This information provided by Susan Goodkin, Executive Director of the California Learning Strategies Center. The Center helps parents meet the need of advanced and gifted students from kindergarten through college planning.

Too many bright elementary school math students spend their time sitting through lessons aimed at struggling classmates, and completing problem after problem on concepts they already mastered. These students quickly conclude that math is boring.

Parents need to take the initiative and find appropriately challenging substitute assignments for their child to work on in class.

Students who can learn independently would enjoy working through the book, The Ten Things All Future Mathematicians and Scientists Must Know (But are Rarely Taught). Written by former teacher Ed Zaccaro, Ten Things illustrates the connection between math, science and the real world through analyzing events such as the Three Mile Island nuclear accident.

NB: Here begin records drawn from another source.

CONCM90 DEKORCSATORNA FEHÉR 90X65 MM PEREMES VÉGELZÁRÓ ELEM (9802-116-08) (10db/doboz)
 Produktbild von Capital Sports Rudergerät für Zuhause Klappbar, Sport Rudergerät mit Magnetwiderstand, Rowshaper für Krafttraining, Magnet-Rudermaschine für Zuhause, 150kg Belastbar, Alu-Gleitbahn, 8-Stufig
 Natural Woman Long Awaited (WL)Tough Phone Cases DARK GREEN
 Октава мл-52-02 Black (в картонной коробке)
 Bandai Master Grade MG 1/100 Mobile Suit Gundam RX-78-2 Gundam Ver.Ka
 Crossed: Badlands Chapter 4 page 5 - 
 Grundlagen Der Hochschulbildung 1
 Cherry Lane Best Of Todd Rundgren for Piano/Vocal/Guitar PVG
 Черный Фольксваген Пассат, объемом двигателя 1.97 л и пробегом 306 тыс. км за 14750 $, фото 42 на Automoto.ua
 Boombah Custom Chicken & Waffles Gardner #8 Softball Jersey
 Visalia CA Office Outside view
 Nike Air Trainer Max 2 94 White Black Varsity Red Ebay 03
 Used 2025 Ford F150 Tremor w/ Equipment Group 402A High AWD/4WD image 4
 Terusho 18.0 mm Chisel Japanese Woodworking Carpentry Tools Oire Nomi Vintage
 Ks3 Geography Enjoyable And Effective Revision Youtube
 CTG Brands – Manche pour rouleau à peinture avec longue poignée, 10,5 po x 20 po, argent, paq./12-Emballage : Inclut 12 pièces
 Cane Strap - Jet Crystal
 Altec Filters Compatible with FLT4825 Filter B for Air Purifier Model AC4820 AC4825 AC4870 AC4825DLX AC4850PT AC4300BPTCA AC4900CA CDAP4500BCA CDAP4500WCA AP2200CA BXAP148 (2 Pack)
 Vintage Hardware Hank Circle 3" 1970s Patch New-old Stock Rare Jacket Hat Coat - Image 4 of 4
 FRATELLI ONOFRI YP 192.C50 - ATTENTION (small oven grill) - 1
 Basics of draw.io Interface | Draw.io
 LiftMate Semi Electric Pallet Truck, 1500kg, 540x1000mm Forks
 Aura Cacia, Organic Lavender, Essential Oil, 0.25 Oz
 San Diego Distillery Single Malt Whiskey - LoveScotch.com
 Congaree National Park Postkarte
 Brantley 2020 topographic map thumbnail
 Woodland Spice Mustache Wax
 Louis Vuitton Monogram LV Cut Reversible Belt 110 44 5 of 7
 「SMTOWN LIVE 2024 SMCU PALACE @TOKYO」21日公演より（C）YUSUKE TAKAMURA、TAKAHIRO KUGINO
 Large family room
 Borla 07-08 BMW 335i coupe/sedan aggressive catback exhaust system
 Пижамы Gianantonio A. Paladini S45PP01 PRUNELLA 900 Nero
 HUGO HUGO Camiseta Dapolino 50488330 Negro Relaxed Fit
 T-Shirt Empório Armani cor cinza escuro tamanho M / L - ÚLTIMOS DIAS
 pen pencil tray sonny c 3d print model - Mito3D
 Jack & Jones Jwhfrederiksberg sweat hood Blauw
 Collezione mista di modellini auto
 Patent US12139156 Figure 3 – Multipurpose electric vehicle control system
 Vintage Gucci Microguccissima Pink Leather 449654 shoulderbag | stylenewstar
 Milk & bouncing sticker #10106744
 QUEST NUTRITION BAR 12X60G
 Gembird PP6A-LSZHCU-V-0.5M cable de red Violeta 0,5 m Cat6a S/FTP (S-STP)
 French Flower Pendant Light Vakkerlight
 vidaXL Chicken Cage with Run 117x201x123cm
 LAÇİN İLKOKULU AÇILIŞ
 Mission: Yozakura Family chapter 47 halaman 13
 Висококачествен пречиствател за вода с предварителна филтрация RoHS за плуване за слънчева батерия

Number Sense and Nonsense: Building Math Creativity and Confidence Through Number Play, by Claudia Zaslavsky, presents challenging problems, puzzles and activities on interesting number concepts such a s “Zero – Is It Something? Is It Nothing?”

Students may also be intrigued by It’s Alive and Kicking: Math the Way it Ought to Be—Tough, Fun, and a Little Weird, by Asa Kleiman and David Washington. Promising “math that makes you squirm,” this book offers problems to “challenge, motivate and gross-out math students who like the unusual.”

If Internet connections are available in the classroom, the Web also offers a wealth of playgrounds for inquiring young math minds.

For open-ended math exploration, students can go to mathcats.com. Younger students in particular might be intrigued by the math cats balance section, where they can try to virtually balance objects ranging from electrons to galaxies.

The wonderful University of Cambridge site, nrich.maths.org/public, offers intriguing problems (with solutions) on a variety of challenge levels, math games, and interesting articles on issues such as math palindromes.

As for homework, if students can get four or five problems of an assignment completed correctly, that should be the end of the exercise. Parents then need to provide options that offer more challenging and thought-provoking opportunities for math exploration.

All the books and Web sites mentioned above for use in the classroom can be used at home as well.

Parents can also explore math concepts together with their child at Web sites such as figurethis.org. This site offers math challenge problems for families, including guidance about how to get started thinking about the problem, solutions and follow-up problems.

Parents and students are also encouraged to think together about “unusual and important” math ideas at www.ccs3.lanl.gov/mega-math.

While fully meeting the needs of advanced math students can be difficult, these approaches offer a simple start for for parents and schools to keep talented young mathematicians challenged and intrigued.